# Just an FYI



## Marvin (Oct 16, 2002)

I'm selling a few things on Ebay. If you hit this one, you can hit "View sellers other items" to see the few other things I have.

Before too long, I'll have the 16" alloys up there. If anyone wants a knock around set of wheels, let me know.


----------



## agirliegirlaltima (May 21, 2006)

hey i just wrote you on ebay...lol....but i realized you said you have a set of alloys too? Im looking into get rims for the altima...what type are they and do you have pics? Let me know....thanks


----------



## Marvin (Oct 16, 2002)

agirliegirlaltima said:


> hey i just wrote you on ebay...lol....but i realized you said you have a set of alloys too? Im looking into get rims for the altima...what type are they and do you have pics? Let me know....thanks



They are the 16" alloys that came with the Altima S and SL back in 02 (and 03 I think??).


This isn't my car, but this is what they look like. 

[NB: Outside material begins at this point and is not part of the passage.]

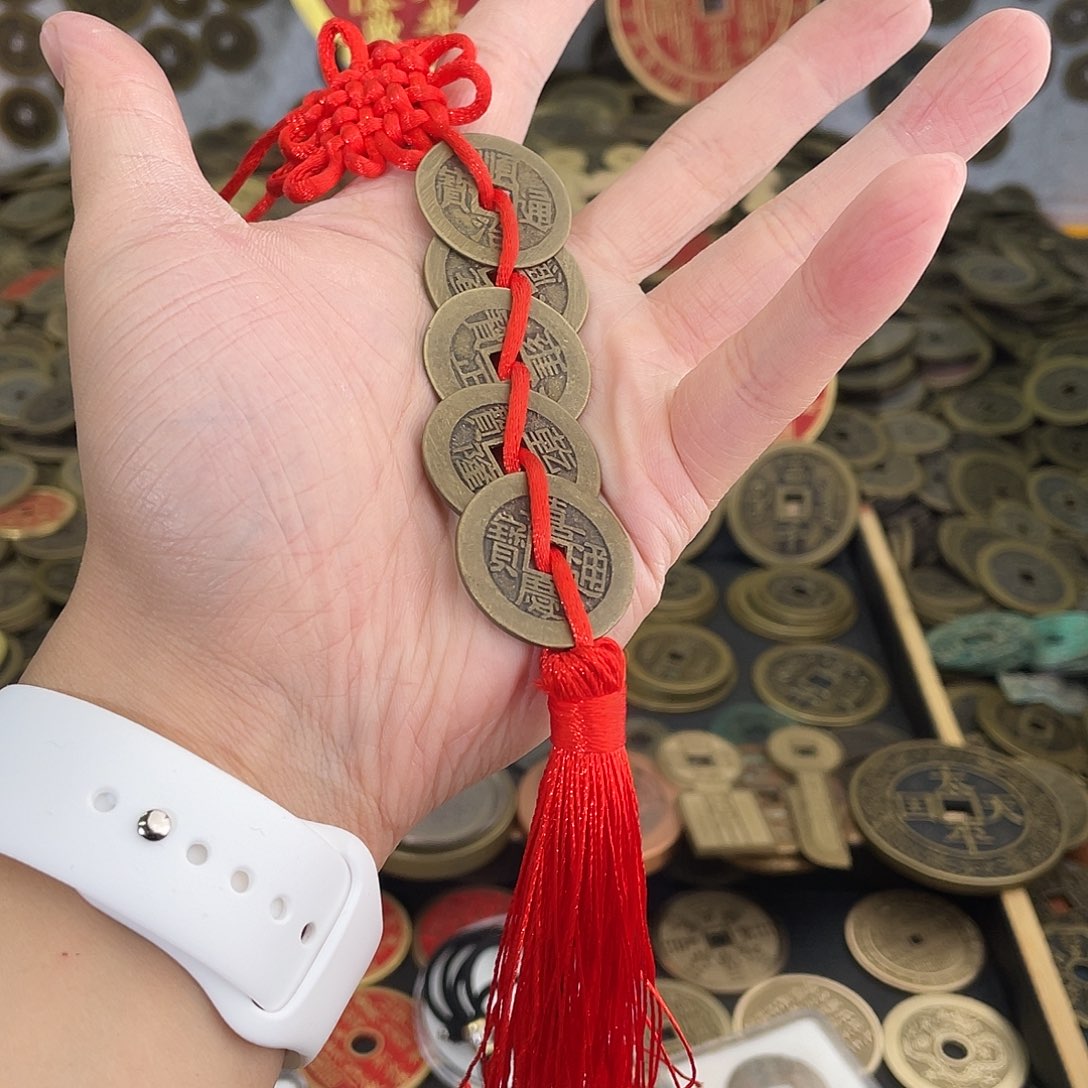 铜非遗手工艺制作现代工艺品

Make me an offer and we'll work on shipping


----------



## agirliegirlaltima (May 21, 2006)

*hmmm*



Marvin said:


> They are the 16" alloys that came with the Altima S and SL back in 02 (and 03 I think??).
> 
> 
> This isn't my car, but this is what they look like.
> ...



well how much are you thinking of selling them for? Let me know first so we can start bargaining...


----------